Member of the National Assembly for Bouches-du-Rhône's 9th constituency
- Incumbent
- Assumed office 29 March 1999
- Preceded by: Jean Tardito

Personal details
- Born: 16 October 1953 (age 72) Paris, France
- Party: The Republicans (since 2015)
- Other political affiliations: Union for French Democracy (until 1998) Liberal Democracy (1998–2002) Union for a Popular Movement (2002–2015)

= Bernard Deflesselles =

French politician

Bernard Deflesselles (born 16 October 1953) is a French politician serving as the member of the National Assembly for the 9th constituency of Bouches-du-Rhône since 1999. A member of The Republicans (LR), his constituency is located in the department's southeastern corner; it follows the Mediterranean coast until the border with Var, comprising Cassis and La Ciotat.

==Career==
Deflesselles has served as a regional councillor of Provence-Alpes-Côte d'Azur since 1992. He was one of the regional council's vice presidents from 2015 to 2017. In 1999, Deflesselles was elected to Parliament in a by-election in Bouches-du-Rhône's 9th constituency. Since 2020, he has also been a municipal councillor of La Ciotat. He previously was a municipal councillor of Aubagne from 1995 to 2001.
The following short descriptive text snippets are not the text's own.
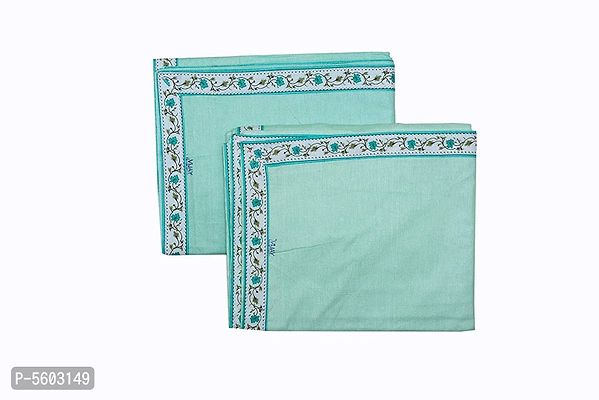 Green Cotton Bordered 2 Single Bedsheet Only-thumb3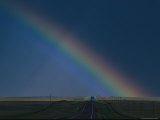 A Rainbow Fills the Sky over Farmland in the Midwest Photographic Print
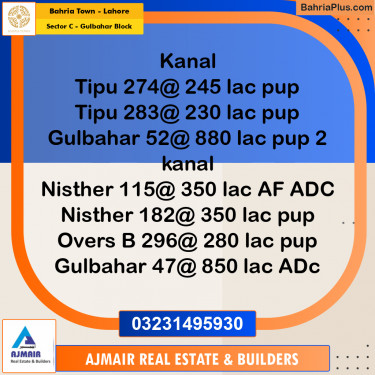 1 Kanal Residential Plot for Sale in Sector C - Gulbahar Block -  Bahria Town, Lahore - (BP-313930)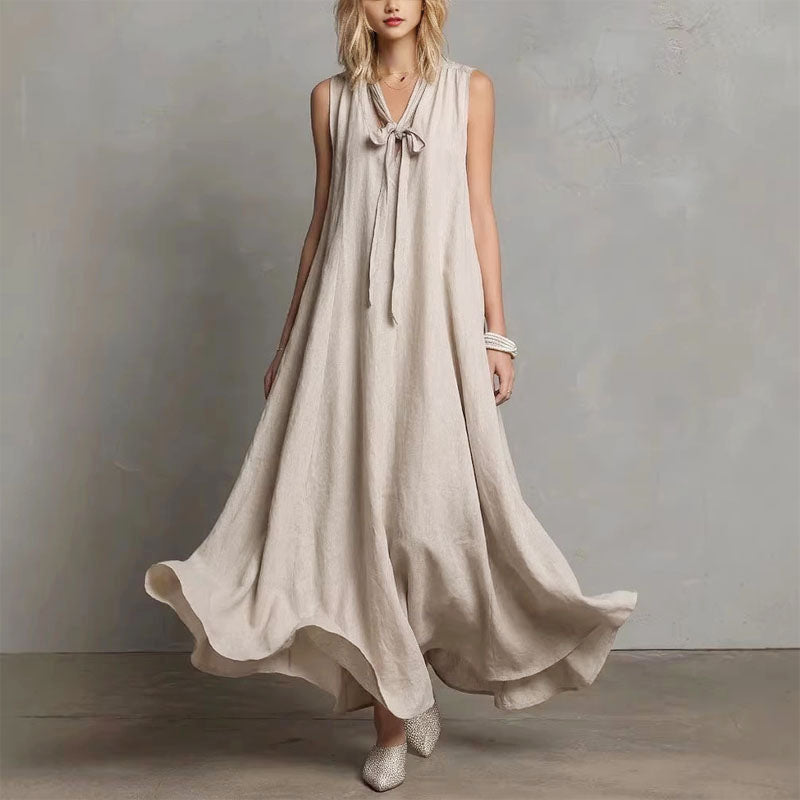 Hannah - Women’s Linen-Look Flowing Maxi Dress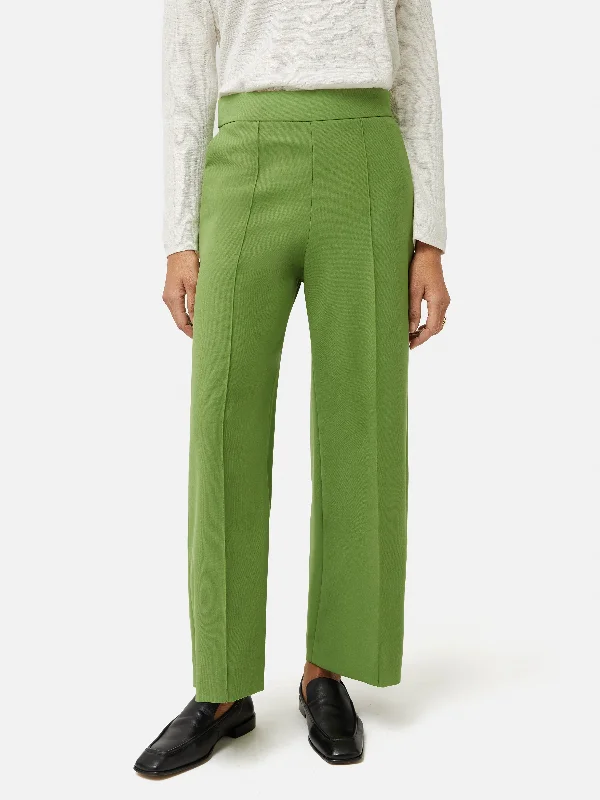 Casual Pants for Women-Italian Modern Crepe Sailor Trouser | Green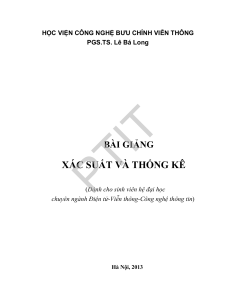 Bài giảng Xác suất và thống kê - PGS.TS. Lê Bá Long 1107399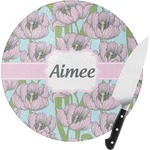 Wild Tulips Round Glass Cutting Board - Small (Personalized)
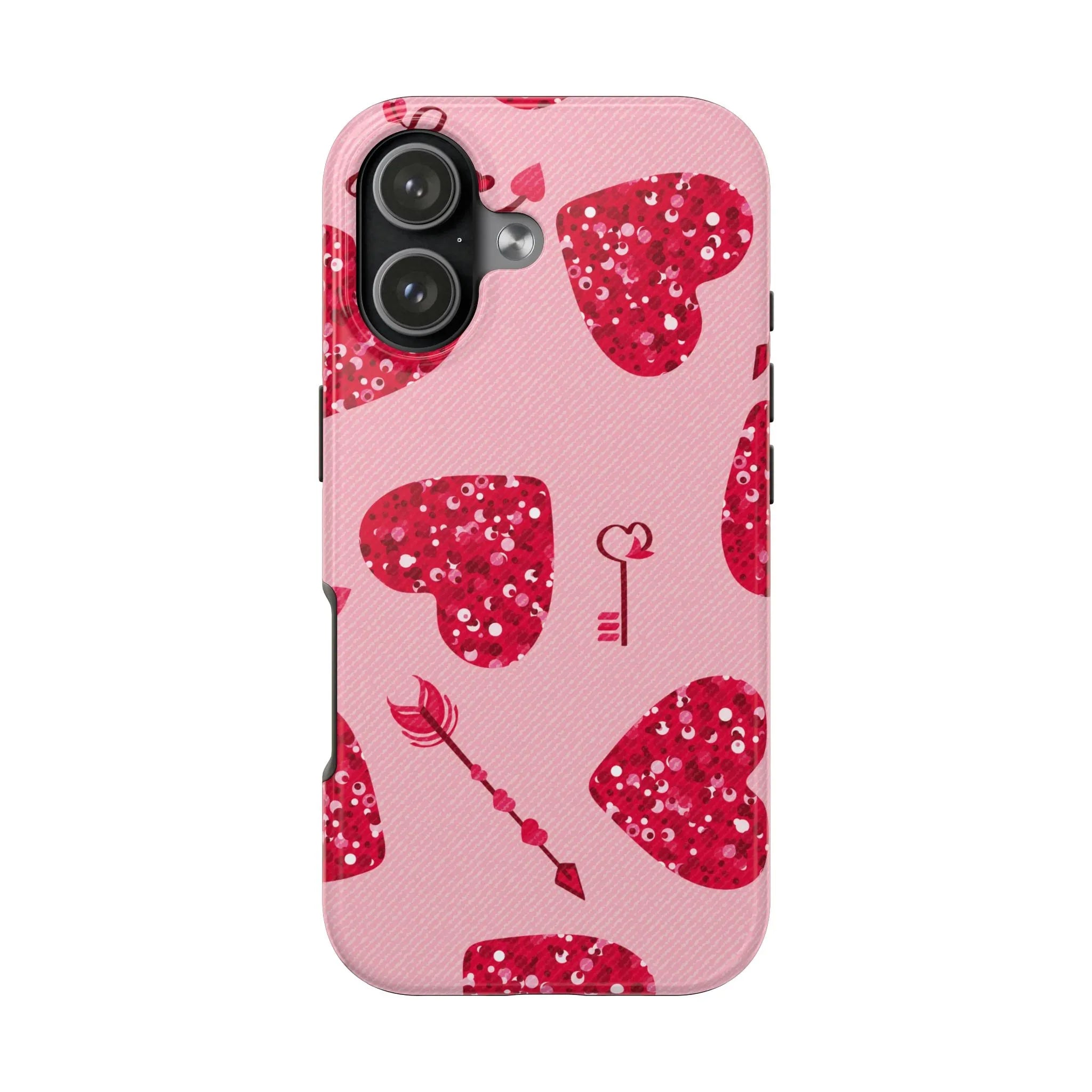 Sparkling Red Hearts Phone Case (Apple & Android) - Pink Sweetheart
In Parliament, Deflesselles serves on the Committee on Foreign Affairs. He is also vice president of the Subcommittee on European Affairs. In addition to his committee assignments, he is part of the French delegation to the Parliamentary Assembly of the Union for the Mediterranean.

In the 2016 The Republicans presidential primary, Deflesselles endorsed Jean-François Copé as the party's candidate for the office of President of France. In the 2017 The Republicans leadership election, Deflesselles endorsed Laurent Wauquiez. In March 2017, he announced he would not support presidential nominee François Fillon amid the Fillon affair.

At the Republicans’ national convention in December 2021, Desflesselles was part of the 11-member committee which oversaw the party’s selection of its candidate for the 2022 presidential elections. He is not seeking re-election in the 2022 French legislative election.